Top Wall Street Strategist Out With 5 Rock-Solid Dividend Portfolio Stocks

Investors and strategists on Wall Street could see it coming once the market blew up back in February and March. Many companies were forced to eliminate or suspend their dividends as the novel coronavirus swept the country and brought the economy to a standstill. Energy companies, banks, airlines and others that had paid dependable dividends to investors for years had to halt payments to help preserve liquidity, and total return and income investors got hit.

A massive new report from Jefferies global head of micro-strategy, Desh Peramunetillke, and his team noted that with the world entering another deflationary and low-growth cycle, the hunt for yield is set to revive. In this annual edition of the Jefferies Dividend Playbook, he focused on the changing income landscape amid COVID-19-induced uncertainty and dividend cuts and provided a framework for capturing “rock-solid dividends.”

This was noted in the report:

Investing in high dividend yield stocks has been a rewarding strategy for long-term investors. To capture the full spectrum of income opportunities, we highlight numerous dividend strategies including bond-proxies, growth at a reasonable yield (GARY) and dividend growers. However, with COVID-19 impacting dividend stocks across strategies, we have introduced a new systematic “rock-solid” dividend framework that aims to focus on yield stocks with sustainable dividends. This new strategy has worked across the cycle and has outperformed all dividend strategies over the long term.

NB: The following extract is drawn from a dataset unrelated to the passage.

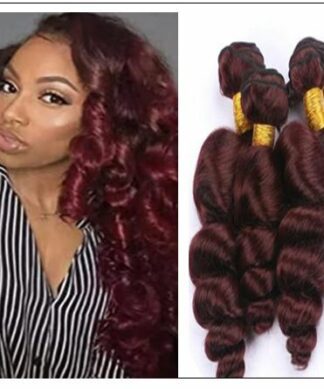 99J Loose Wave Wine Red Wavy Human Hair Weave img-min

Five top stocks are featured in the USA rock-solid dividend portfolio, and all make sense for total return and income investors looking for dependable dividend payers.

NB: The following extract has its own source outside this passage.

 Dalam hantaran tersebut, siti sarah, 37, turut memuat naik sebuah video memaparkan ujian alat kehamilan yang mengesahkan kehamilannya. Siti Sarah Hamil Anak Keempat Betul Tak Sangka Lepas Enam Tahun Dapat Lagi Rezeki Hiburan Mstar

This is a mega cap tech leader for more conservative accounts to consider. Cisco Systems Inc. (NASDAQ: CSCO) designs, manufactures and sells internet protocol (IP) based networking products and services related to the communications and information technology industry worldwide.

It provides switching products, including fixed-configuration and modular switches, and storage products that provide connectivity to end users, workstations, IP phones, wireless access points and servers, as well as next-generation network routing products that interconnect public and private wireline and mobile networks for mobile, data, voice and video applications.

Cisco cybersecurity products give clients the scope, scale and capabilities to keep up with the complexity and volume of threats. Putting security above everything helps corporations innovate while keeping their assets safe.

Shareholders receive a 3.18% dividend. The Jefferies target price for the shares is $49, and the Wall Street consensus target is $48.81. Cisco Systems stock closed Friday’s trading at $45.32 a share.

Eastman Chemical

This stock has rallied smartly off the March lows and is another safe-haven for conservative accounts. Eastman Chemical Co. (NYSE: EMN) engages in the provision of specialty chemicals. It operates through the following segments.

The Additives and Functional Products segment includes chemicals for products in the transportation, consumables, building and construction, animal nutrition, crop protection, energy, personal and home care, and other markets. The Fiber segment offers cellulose acetate tow for use in filtration media, primarily cigarette filters.

The Advanced Materials segment of Eastman Chemical produces and markets its polymers, films and plastics with differentiated performance properties for value-added end uses in transportation, consumables, building and construction, durable goods, and health and wellness markets.

The Chemical Intermediates segment consists of large scale and vertical integration from the cellulose and acetyl, olefins and alkylamines streams to support operating segments with advantaged cost positions.

Investors receive a 3.80% dividend, and Jefferies has a $77 price objective. The posted consensus target price is $72. Eastman Chemical stock was last seen trading at $69.49.